Keputusan ini diumumkan secara terbuka pada Senin (25/5/2026) malam WIB, menandai babak baru dalam sejarah panjang klub kebanggaan masyarakat Jawa Barat tersebut. Bojan Hodak tidak benar-benar pergi; ia justru naik kelas dengan mengemban tanggung jawab baru yang tak kalah krusial. Pria berusia 55 tahun itu kini menjabat sebagai shareholder group technical advisor atau penasihat teknik grup pemegang saham, sebuah posisi yang memungkinkannya tetap memberikan pengaruh strategis bagi perkembangan Persib Bandung di masa depan.
Langkah Strategis Menuju Kontinuitas Prestasi
Penunjukan Igor Tolic sebagai pelatih kepala bukanlah sebuah keputusan impulsif.

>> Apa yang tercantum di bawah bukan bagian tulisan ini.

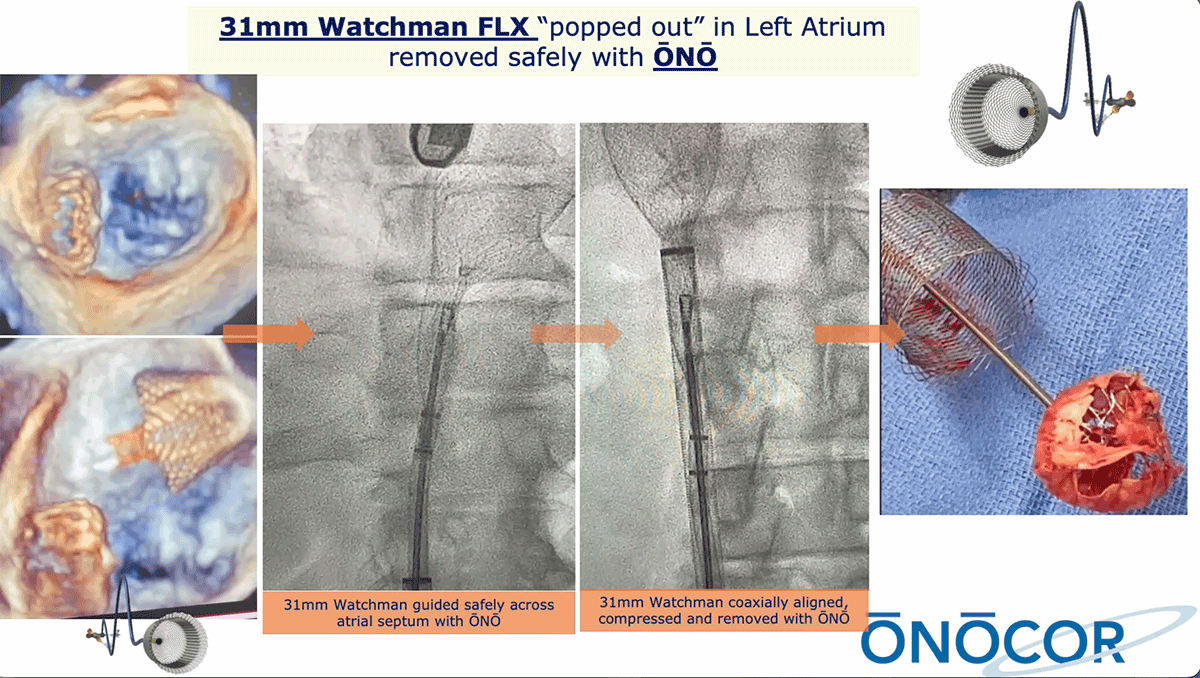 31mm Watchman removal from the Left Atrium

Manajemen Persib tampaknya sangat mempertimbangkan faktor kesinambungan (continuity) yang telah terbangun selama beberapa musim terakhir. Igor Tolic, pria asal Kroasia berusia 48 tahun, bukanlah orang asing di ruang ganti Maung Bandung. Sejak bergabung pada tahun 2024 untuk menggantikan Goran Paulic, Tolic telah menjadi bayang-bayang setia Bojan Hodak dalam meramu taktik dan strategi.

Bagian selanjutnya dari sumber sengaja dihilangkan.